Los ensayos, los cuentos y las novelas de Leonardo Sciascia (1922-1989) participan por igual de todos los géneros narrativos. Sus ensayos pueden desenvolverse en narraciones a lo largo del camino y sus novelas no temen incurrir en reflexiones que normalmente serían propias del ensayo. Esta fusión de los géneros le permitió siempre a Sciascia conservar el interés del lector. Llegó a componer una parodia de novela policiaca, El contexto, respetando las convenciones del género detectivesco al mismo tiempo en que concluía con una meditación sobre el poder, el crimen y una realidad contemporánea, en todos los países, que aproximadamente podríamos llamar mafiosa.
Cuando escribí La memoria de Sciascia en 1989 tuve siempre la corazonada de que el autor siciliano pertenecía a esa especie de estilistas que ayudaban a escribir a otros escritores, que les dan ideas, que los incitan a descubrir en ellos mismos ideas mucho tiempo atrás aletargadas pero muy susceptibles de retoñar, según los tiempos. Y según el tiempo de cada quien.
Tuve la ilusión, un tanto pueril, de que Sciascia enseñaría algunos recursos a los periodistas mexicanos que cultivaban la esperanza de escribir algún día un libro. Les daría las armas, me decía. No poca de su malicia literaria se transmutaría a través de la lectura de El caso Moro, La desaparición de Majorana, En tierra de infieles, El teatro de la memoria.

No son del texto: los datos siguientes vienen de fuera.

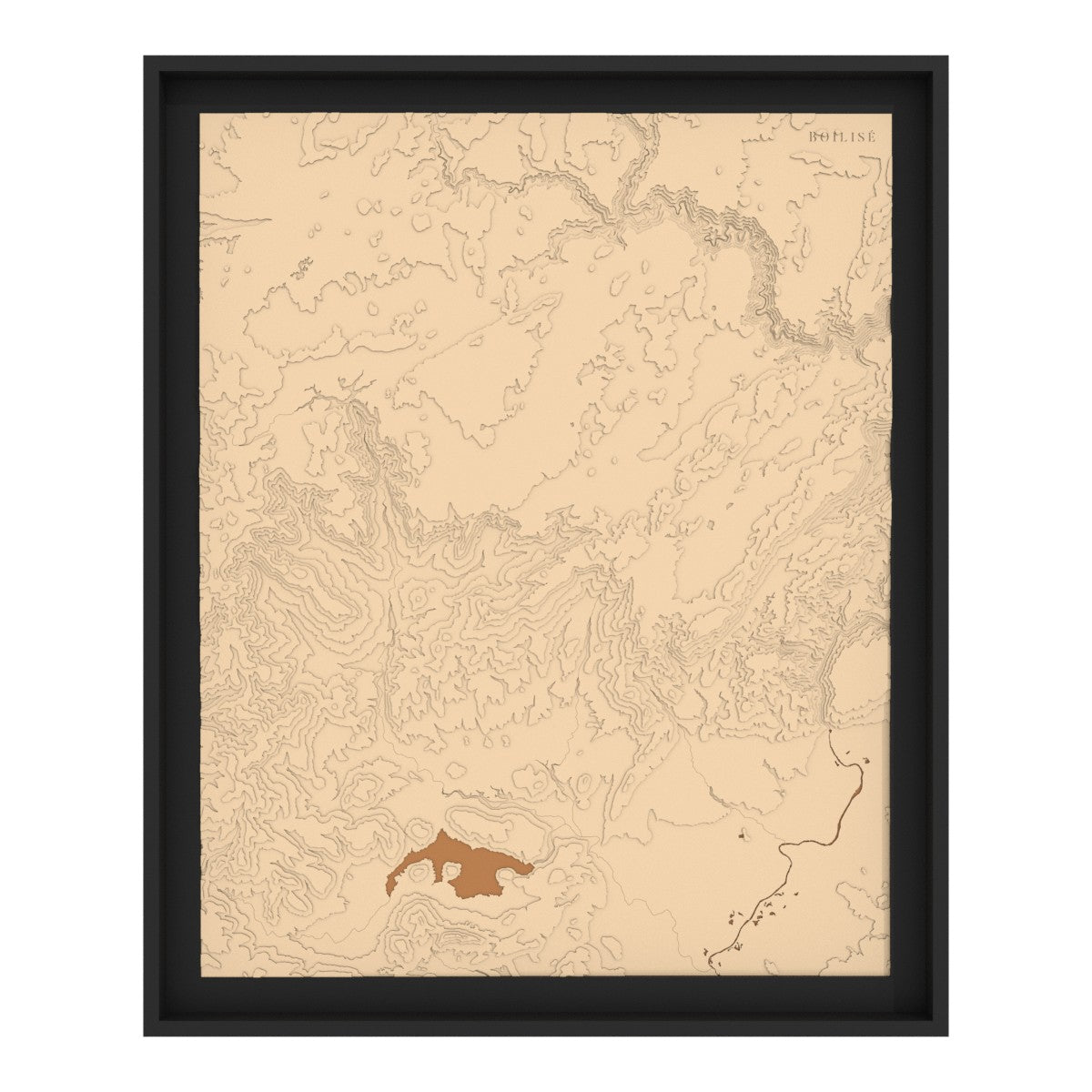 Carte du Larzac Méridional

Escritor que estimula a escribir, Sciascia va acomodando las piezas de su libro llevándolo a uno de la mano. Puede citar a otros autores, practica la ética de las comillas, y en todos los casos sus alusiones o las frases ajenas encajan de manera iluminadora en lo que trata de esclarecer. Pone en diálogo a los muertos y con ello rebasa cualquier frontera del tiempo: Diderot aparece luego de un párrafo de Pirandello, Voltaire se ve acompañado por una diatriba de Paul-Louis Courier. Borges asoma junto a una reminiscencia de Martín Luis Guzmán.

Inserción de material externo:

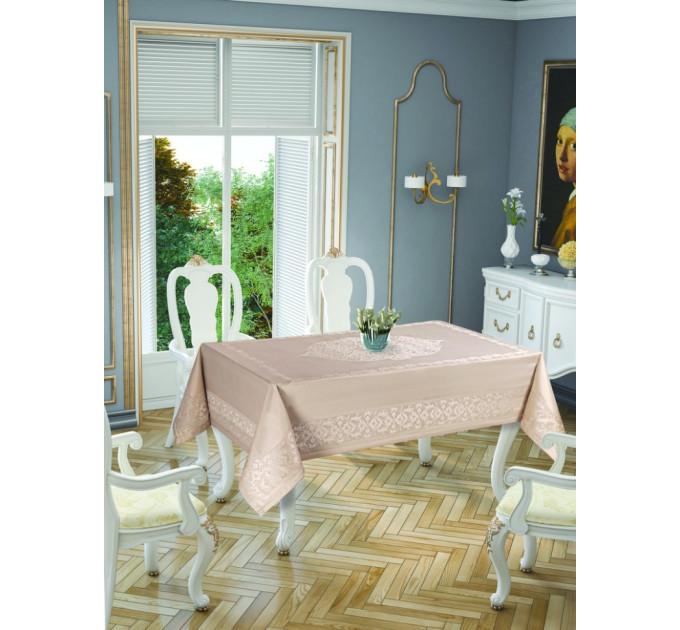 Скатерть Tropik home Paisley Cappucino 5701-2 Скатерть Tropik home Paisley Cappucino 5701-2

Sin embargo, lo que hace Sciascia se remonta a las épocas clásicas de la retórica, porque la argumentación ha sido desde los tiempos de Cicerón una cadena de razonamientos. Es lo que Helena Beristáin llama una “discusión razonada”. Es la parte más importante de un discurso porque en ella se resume y concentra la materia de que trata. Las pruebas deductivas, o probationes o argumenta, abunda Helena Beristán, se basan en los datos de la causa, que sirven para demostrarla y pertenecen a la inventio. La argumentación “suele emplearse como método de conocimiento o como arma para la controversia. Como se dirige al logro de la demostración, de la disuasión o de la persuasión, es un instrumento y está estrechamente vinculada con la obtención y el uso del poder”. Las pruebas, concluye, conforman el esqueleto de la argumentación.

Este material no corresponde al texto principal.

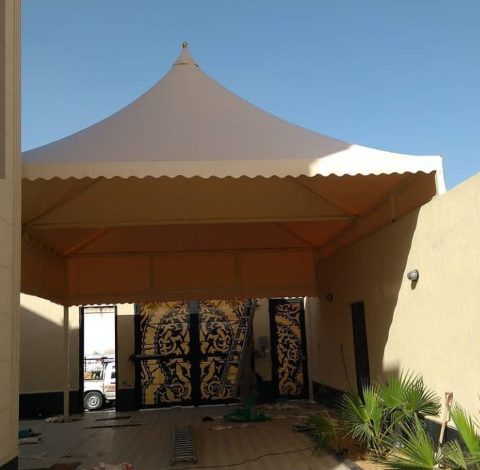 مظلات أبواب المنازل والفلل والمحلات التجارية في الدمام الخبر الشرقية
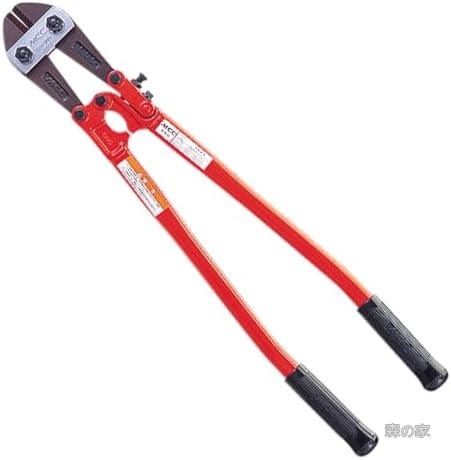 【送料無料】ボルトクリッパ 特製 600mm 切断能力80HRB 10mm 20HRC 9mm 31HRC 8mm 40HRC 8mm 特殊鋼刃 鉄パイプハンドル 業務用 高耐久 ヘビーデューティー｜森の家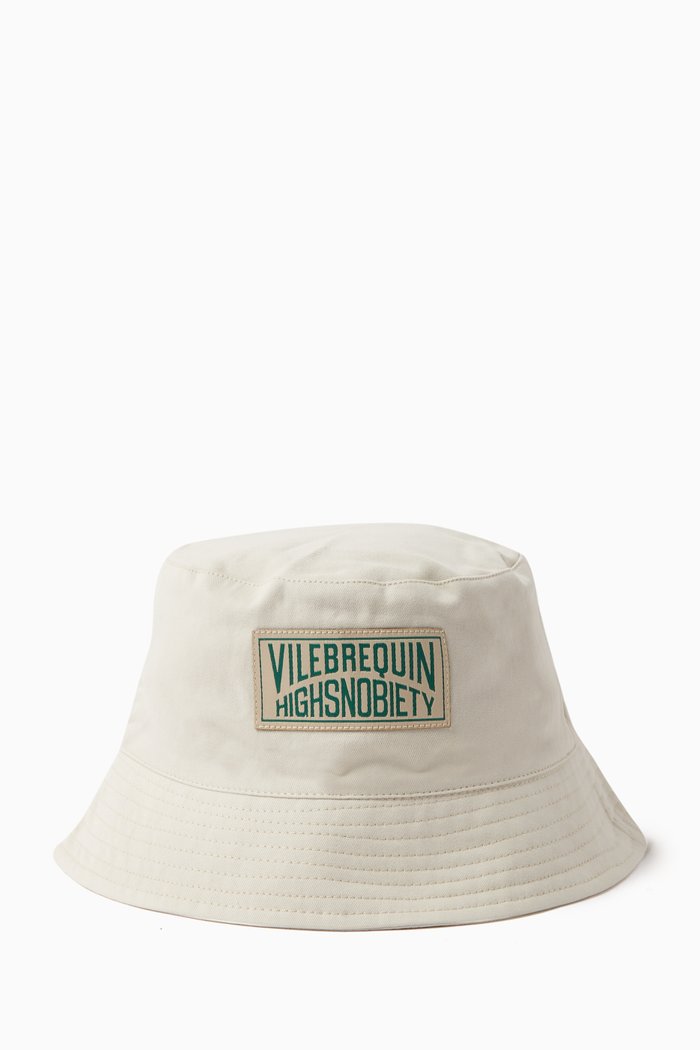 

x Highsnobiety Solid Bucket Hat in Cotton, Neutral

Y así procede, acaso sin saberlo, o sabiéndolo remotamente, Leonardo Sciascia:
Si bien sus novelas de pura invención literaria (Todo modo, El contexto, Una historia sencilla, El día de la lechuza, A cada quien lo suyo, Puertas abiertas, El caballero y la muerte) siempre se despliegan a ras de suelo y se alimentan de los equívocos y las coloraciones de la memoria, lo cierto es que nunca sueltan su cable a tierra: su conexión con la historia y los hechos reales que a la vez permiten –en su composición— hacer de las criaturas de verdad personajes anfibios: esos seres que no se sabe si pertenecen más al territorio del agua que al ámbito de lo terrenal.
El secuestro y el asesinato Aldo Moro en 1978, a manos de las Brigadas Rojas, tiene un registro deducido de su correspondencia escrita: sus cartas van dando cuenta de un pensamiento matizado y trastocado por la experiencia de la muerte inminente. La búsqueda de la verdad está en todo el efecto de conjunto que produce la disección de El caso Moro. Y todo el asunto parece que ya estaba antes en la literatura . “La verdad pareció generada por la literatura”, porque, explica Sciascia, la tragedia de Moro ya estaba en su novela Todo modo.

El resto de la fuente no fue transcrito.